1.1. 危険物 第4類・第二石油類とは

アクリル酸は、消防法上の危険物「第4類 引火性液体」に分類されます。これはガソリンや灯油と同じグループです。

さらに第4類の中でも、引火点が21℃以上70℃未満のものが「第二石油類」に分類されます。アクリル酸の引火点は54℃であるため、第二石油類(水溶性液体)に該当します。

引火点54℃は常温(20℃程度)では引火しにくい温度ですが、夏場の高温環境や加熱・加温時には引火の危険が急激に高まります。また、融点が12℃と比較的高い(凝固しやすい)ため、冬場に凝固したアクリル酸を溶かす際に加熱しすぎて引火点に達してしまう、という事故にも注意が必要です。

1.2. アクリル酸の主な用途

アクリル酸は、それ自体が最終製品になることは少なく、主に「原料」として使用されます。

  • 高吸水性ポリマー(SAP): 紙おむつや生理用品の吸収体
  • アクリル酸エステル: 塗料、接着剤、粘着剤、アクリル繊維の原料

このように多くの工場で大量に使用・保管されるため、危険物取扱者による適切な管理が不可欠です。

1.3. 【要注意】重合しやすい性質

アクリル酸の危険性を語る上で、引火性と同じくらい重要なのが「重合(じゅうごう)」しやすい性質です。

重合とは、分子が次々と連鎖的につながっていく化学反応のことです。アクリル酸は熱や光、不純物の混入によって重合が始まりやすく、一度始まると「重合熱」という熱を発生させます。この熱がさらに反応を促進させ、急激な温度上昇と圧力上昇を引き起こす「暴走反応」に至ることがあります。

この暴走反応により、容器が破裂したり、火災・爆発につながる重大事故が過去にも発生しています。そのため、保管時には重合を防ぐための「重合禁止剤」が添加されています。

2. アクリル酸の主な危険性

アクリル酸が持つ危険性は、「燃える」こと、「人体に有害」であること、そして前述の「暴走する」ことの3点です。

2.1. 火災・爆発の危険

引火点が54℃であり、その蒸気は可燃性です。アクリル酸を取り扱う場所では、静電気、火花、高温体などの着火源を厳重に管理し、「火気厳禁」を徹底しなければなりません。

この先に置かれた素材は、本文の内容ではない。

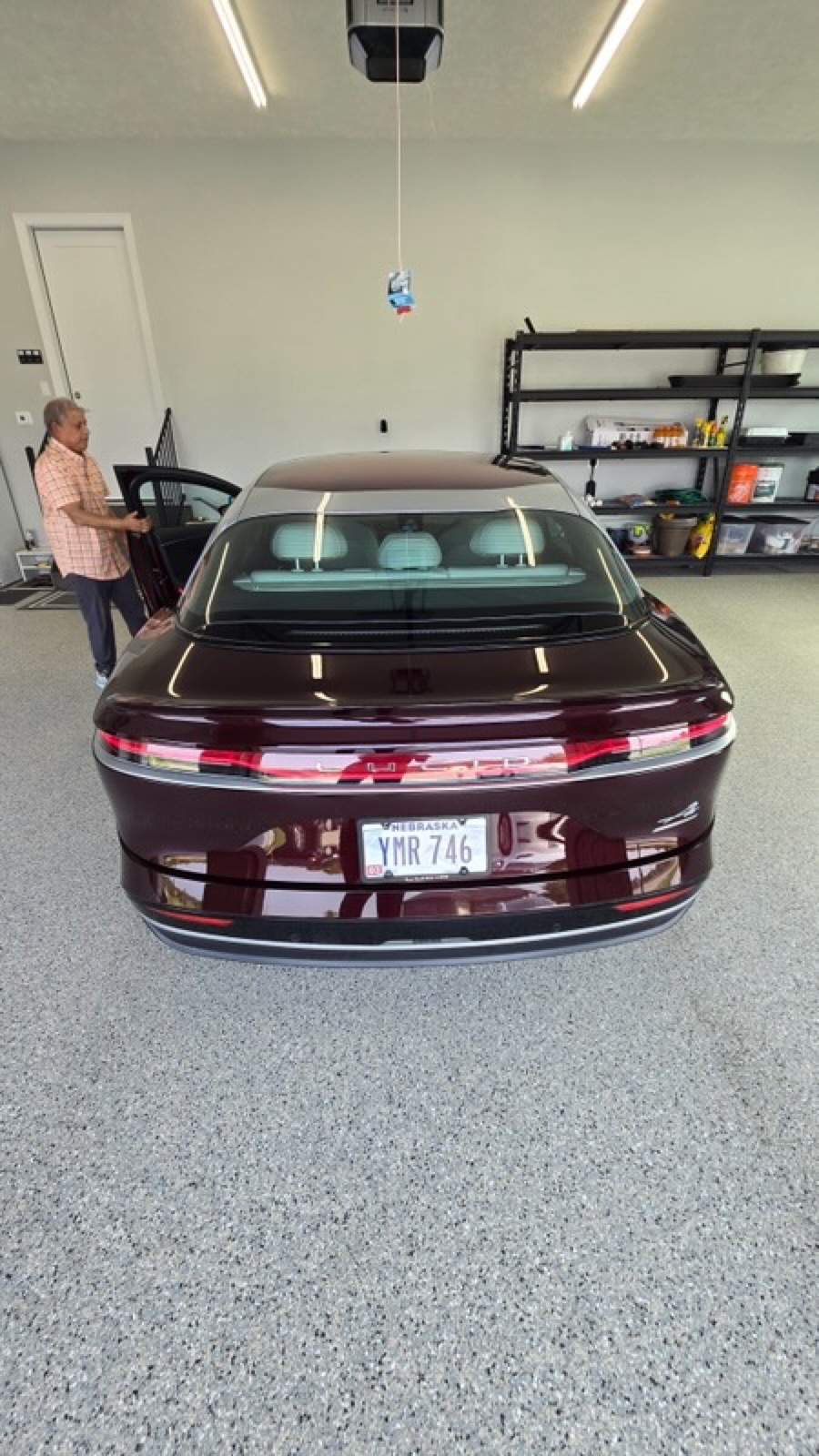 Detailed maroon Tesla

また、重合の暴走反応による爆発の危険もあります。過去の事故事例では、凝固したアクリル酸を溶かすために不適切なヒーターで加熱したことや、重合禁止剤の管理不備が原因で暴走反応が起き、大規模な爆発事故に至ったケースがあります。

2.2. 人体への有害性(腐食性)

アクリル酸は強い腐食性を持っています。これは皮膚や粘膜を侵す性質です。

  • 皮膚への接触: 液体が皮膚に付着すると、化学やけど(薬傷)を引き起こします。
  • 蒸気の吸引: 刺激臭のある蒸気を吸い込むと、喉や気管支、肺の粘膜が侵され、呼吸困難や肺水腫を引き起こす危険があります。
  • 目への飛散: 失明に至る可能性のある深刻な損傷を与えます。

取り扱い時には、保護メガネ(ゴーグル)、耐酸性の保護手袋、保護衣、必要に応じて呼吸器保護具(防毒マスク)の着用が必須です。

3. アクリル酸の取り扱いと保管方法

アクリル酸の危険性(火災、爆発、腐食)を踏まえ、取り扱いと保管は以下のように行います。

3.1. 取り扱い時の注意点

  • 火気厳禁: 取り扱い場所では火気、火花、静電気対策を徹底します。
  • 保護具の着用: 前述の通り、保護メガネ、保護手袋、保護衣を必ず着用します。
  • 換気: 可燃性蒸気が滞留しないよう、局所排気装置などで十分な換気を行います。
  • 漏洩時: 少量でも漏れた場合は、安全な保護具を着用した上で、土砂や不燃性の吸収剤で回収し、密閉容器に収めます。河川や下水に絶対に流してはいけません(水溶性のため水質汚染の原因となります)。

3.2. 保管時の注意点

  • 保管場所: 直射日光を避け、火気のない冷暗所で、換気の良い場所に保管します。
  • 容器: 蒸気漏れを防ぐため密閉できる容器を使用します。容器の材質は、腐食や静電気の帯電を防ぐため、ステンレス、アルミニウム、ポリエチレン内張り容器などが指定されます。
  • 重合禁止剤の管理: 重合を防ぐために添加されている重合禁止剤が適切に機能しているか、定期的に濃度を管理する必要があります。
  • 凝固防止: 融点が12℃のため、冬場は凝固する可能性があります。凝固した場合は、爆発の危険があるため直火や高温スチームでの加熱は厳禁です。必ず50℃以下の温水などでゆっくりと加温・溶解します。
  • その他: 腐食性があるため、コンクリートの床に直接置くと床を侵す可能性があります。

4. アクリル酸に関するQ&A

Q. アクリル酸のほかに第二石油類には何がありますか?

A. 灯油や軽油が、アクリル酸と同じ第二石油類(非水溶性)の代表例です。アクリル酸は「水溶性」の第二石油類に分類されます。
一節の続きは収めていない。